Award-winning Swedish interior designer Martin Brudnizki has reimagined London’s much-loved, centuries-old Fortnum & Mason store within the modern surroundings of Victoria Dockside’s K11 Musea. A familiar Fortnum’s colour palette of eau de nil and regal red sets the scene for the store, where playful “functional follies” make for an immersive shopping experience, from the Tea Counter, inspired by the traditional culture of tea tasting, to the build-your-own hamper station where goods are displayed in timber-panelled shelves.
“There’s this interesting juxtaposition between putting a very classical concept into a very modern building,” says Martin. “The result is a look that’s very elegant and Georgian, while at the same time feeling modern, with some quirky fun elements.”
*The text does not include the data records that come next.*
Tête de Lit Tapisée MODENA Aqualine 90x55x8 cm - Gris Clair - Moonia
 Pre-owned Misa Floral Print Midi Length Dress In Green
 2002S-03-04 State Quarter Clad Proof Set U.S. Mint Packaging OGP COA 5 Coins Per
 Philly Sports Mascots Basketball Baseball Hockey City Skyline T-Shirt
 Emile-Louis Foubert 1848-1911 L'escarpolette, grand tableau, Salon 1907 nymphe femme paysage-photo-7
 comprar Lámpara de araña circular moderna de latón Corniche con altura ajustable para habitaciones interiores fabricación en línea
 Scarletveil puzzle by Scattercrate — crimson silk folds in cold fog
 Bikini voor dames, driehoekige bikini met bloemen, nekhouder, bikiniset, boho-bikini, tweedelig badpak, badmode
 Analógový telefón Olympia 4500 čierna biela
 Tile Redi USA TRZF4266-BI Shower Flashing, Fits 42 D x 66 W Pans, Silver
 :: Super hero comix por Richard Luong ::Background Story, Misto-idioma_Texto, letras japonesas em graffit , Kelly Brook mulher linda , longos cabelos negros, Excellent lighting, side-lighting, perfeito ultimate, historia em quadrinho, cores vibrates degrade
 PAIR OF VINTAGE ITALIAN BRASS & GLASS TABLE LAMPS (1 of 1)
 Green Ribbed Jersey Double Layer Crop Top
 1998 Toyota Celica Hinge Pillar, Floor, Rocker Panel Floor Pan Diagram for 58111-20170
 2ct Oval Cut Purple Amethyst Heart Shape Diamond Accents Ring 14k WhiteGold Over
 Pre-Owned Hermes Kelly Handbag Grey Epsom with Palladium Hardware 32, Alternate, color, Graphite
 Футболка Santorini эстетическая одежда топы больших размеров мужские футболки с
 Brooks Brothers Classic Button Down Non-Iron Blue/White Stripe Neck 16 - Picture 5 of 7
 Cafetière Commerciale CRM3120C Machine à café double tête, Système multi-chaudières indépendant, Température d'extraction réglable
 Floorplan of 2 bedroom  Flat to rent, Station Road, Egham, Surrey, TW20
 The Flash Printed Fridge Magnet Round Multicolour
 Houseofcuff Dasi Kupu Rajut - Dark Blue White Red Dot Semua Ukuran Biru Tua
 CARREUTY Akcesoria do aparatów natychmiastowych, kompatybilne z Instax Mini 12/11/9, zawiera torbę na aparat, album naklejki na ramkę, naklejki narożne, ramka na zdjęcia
A sweeping staircase crafted from marble and brass, softened by a surrounding hand-painted mural by Melissa White, leads to Fortnum’s 181 Restaurant. Here, views over the Hong Kong skyline can be had from the warmth of a typically English interior, enlivened by the eccentric layering of textures and colours that Martin Brudnizki Design Studio is known for. The restaurant’s yellow Gallio Sienna marble bar marks the focal point of a room that’s enveloped in fabric wall coverings by Robert Allen, a stained timber parquet floor and a geometric corniced ceiling. This is not just somewhere to shop, eat and drink, but somewhere to dwell between tradition and modernity, London and Hong Kong.